◆ Data for the task ◆
──────────────────────────────

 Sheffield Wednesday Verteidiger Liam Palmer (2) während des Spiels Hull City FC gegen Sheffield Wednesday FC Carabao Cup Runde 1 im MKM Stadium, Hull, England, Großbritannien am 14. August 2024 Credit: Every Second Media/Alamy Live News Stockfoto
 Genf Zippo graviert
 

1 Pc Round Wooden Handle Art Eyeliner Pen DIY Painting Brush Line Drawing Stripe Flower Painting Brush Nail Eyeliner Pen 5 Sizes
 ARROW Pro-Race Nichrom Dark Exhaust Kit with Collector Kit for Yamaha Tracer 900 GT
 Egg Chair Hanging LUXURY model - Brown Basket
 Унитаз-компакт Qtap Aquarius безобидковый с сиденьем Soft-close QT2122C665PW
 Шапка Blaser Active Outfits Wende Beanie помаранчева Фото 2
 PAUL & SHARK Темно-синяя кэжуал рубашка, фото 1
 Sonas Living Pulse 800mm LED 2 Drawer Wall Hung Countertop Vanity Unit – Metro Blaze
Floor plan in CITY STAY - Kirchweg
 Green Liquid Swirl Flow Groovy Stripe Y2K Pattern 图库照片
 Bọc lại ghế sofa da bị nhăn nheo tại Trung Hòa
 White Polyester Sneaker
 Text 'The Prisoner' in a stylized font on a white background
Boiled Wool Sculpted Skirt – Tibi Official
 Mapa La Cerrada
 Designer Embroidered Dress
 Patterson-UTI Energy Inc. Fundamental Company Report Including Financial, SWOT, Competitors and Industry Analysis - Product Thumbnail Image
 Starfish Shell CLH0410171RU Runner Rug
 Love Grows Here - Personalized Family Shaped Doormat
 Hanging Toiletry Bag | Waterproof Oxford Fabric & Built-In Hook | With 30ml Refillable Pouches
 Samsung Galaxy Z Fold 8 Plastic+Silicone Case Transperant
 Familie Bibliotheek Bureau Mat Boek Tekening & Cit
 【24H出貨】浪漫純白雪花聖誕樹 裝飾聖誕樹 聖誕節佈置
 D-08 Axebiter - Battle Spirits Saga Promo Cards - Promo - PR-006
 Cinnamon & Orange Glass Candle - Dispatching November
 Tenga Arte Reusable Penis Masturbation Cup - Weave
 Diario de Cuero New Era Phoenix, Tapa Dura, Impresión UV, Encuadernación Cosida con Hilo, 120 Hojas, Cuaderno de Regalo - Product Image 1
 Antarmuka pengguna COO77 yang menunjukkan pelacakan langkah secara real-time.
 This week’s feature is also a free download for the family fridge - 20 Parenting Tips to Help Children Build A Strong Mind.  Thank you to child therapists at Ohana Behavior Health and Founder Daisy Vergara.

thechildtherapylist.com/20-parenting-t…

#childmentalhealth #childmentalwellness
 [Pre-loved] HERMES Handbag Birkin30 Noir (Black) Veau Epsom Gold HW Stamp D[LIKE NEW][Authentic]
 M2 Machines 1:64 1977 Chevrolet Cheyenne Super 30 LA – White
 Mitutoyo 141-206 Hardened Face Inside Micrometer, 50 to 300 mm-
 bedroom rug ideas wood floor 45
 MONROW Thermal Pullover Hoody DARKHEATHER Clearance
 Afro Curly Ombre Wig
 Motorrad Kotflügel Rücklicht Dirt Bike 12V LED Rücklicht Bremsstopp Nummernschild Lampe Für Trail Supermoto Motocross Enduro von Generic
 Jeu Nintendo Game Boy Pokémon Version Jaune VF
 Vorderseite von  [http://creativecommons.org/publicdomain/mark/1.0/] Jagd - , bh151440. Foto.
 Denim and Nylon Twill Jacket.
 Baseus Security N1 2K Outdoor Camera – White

──────────────────────────────

◆ Your goal ◆
Copy the stretch of the records above that runs from the line with "#childmentalhealth #childmentalwellness" through the line with "bedroom rug ideas wood floor 45". Both end lines belong in the copy, and nothing else does.

◆ Task result ◆
#childmentalhealth #childmentalwellness
 [Pre-loved] HERMES Handbag Birkin30 Noir (Black) Veau Epsom Gold HW Stamp D[LIKE NEW][Authentic]
 M2 Machines 1:64 1977 Chevrolet Cheyenne Super 30 LA – White
 Mitutoyo 141-206 Hardened Face Inside Micrometer, 50 to 300 mm-
 bedroom rug ideas wood floor 45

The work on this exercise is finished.